■ What you have to do
"Sport" is the word to look for; copy each line of the listing where it occurs.

■ Input data
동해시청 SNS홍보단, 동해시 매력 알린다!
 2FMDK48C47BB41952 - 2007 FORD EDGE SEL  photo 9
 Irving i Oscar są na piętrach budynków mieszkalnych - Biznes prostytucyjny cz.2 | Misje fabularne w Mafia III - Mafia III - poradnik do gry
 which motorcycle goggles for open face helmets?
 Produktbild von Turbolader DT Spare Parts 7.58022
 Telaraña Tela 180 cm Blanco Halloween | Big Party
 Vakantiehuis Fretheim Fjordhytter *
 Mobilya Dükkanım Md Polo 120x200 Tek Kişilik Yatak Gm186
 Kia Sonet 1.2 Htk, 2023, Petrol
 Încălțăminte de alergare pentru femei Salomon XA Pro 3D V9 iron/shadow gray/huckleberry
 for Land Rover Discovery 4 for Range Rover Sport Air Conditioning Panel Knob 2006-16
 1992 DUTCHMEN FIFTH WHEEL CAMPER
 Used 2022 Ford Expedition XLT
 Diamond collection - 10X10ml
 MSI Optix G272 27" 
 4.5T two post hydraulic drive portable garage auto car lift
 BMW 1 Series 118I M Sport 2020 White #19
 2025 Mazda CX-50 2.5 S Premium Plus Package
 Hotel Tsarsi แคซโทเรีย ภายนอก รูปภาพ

■ Solved problem
 for Land Rover Discovery 4 for Range Rover Sport Air Conditioning Panel Knob 2006-16
 BMW 1 Series 118I M Sport 2020 White #19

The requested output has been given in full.